→ **WORK INSTRUCTION**
Your answer should repeat exactly the lines from the one holding "Waipfaru 16 Pcs" through the end of the data, and it should contain no pictures.

INFORMATION PROVIDED Start Marker

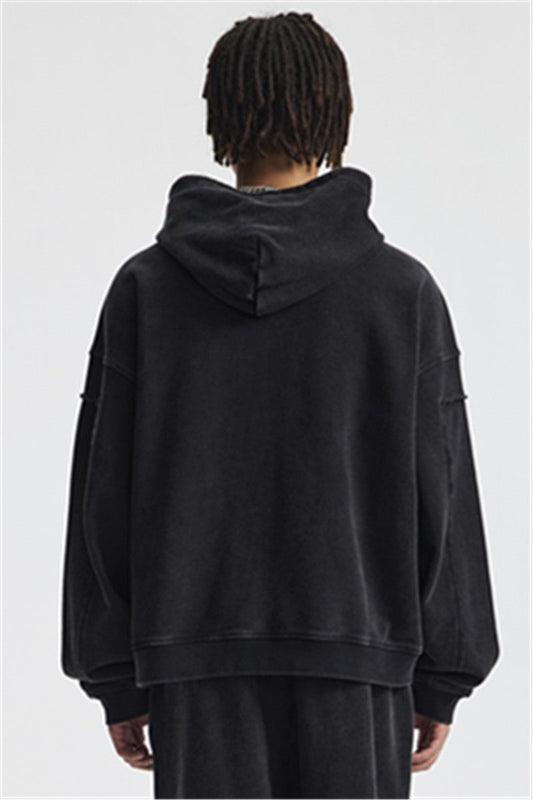 430GSM Boxy Fit Splicing Washed Zip Up Jacket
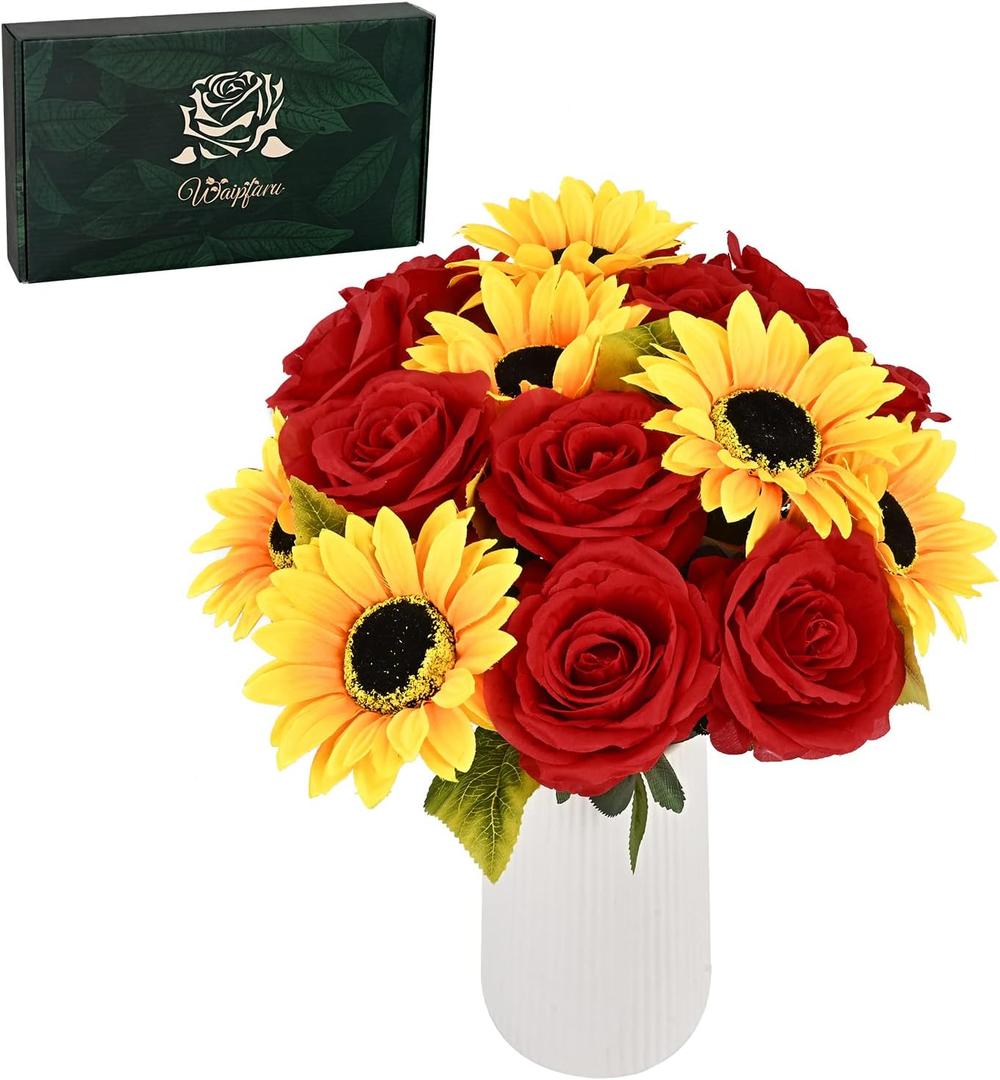 Waipfaru 16 Pcs Fake Roses Sunflowers Artificial Flowers Bulk, Silk Red Roses Yellow Flowers Artificial with Long Stems for Outdoors Wedding Bouquet Vase Flower Arrangement Decoration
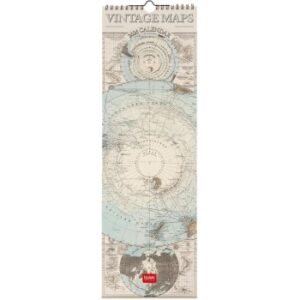 Vintage Maps Legami 2026 slim Wall Calendar 16 X 49cm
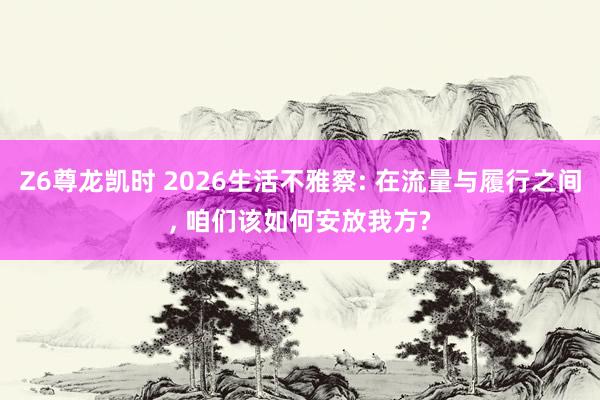 Z6尊龙凯时 2026生活不雅察: 在流量与履行之间， 咱们该如何安放我方?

INFORMATION PROVIDED End Marker

→ **ANSWER TO THE EXERCISE**
 Waipfaru 16 Pcs Fake Roses Sunflowers Artificial Flowers Bulk, Silk Red Roses Yellow Flowers Artificial with Long Stems for Outdoors Wedding Bouquet Vase Flower Arrangement Decoration
 Vintage Maps Legami 2026 slim Wall Calendar 16 X 49cm
 Z6尊龙凯时 2026生活不雅察: 在流量与履行之间， 咱们该如何安放我方?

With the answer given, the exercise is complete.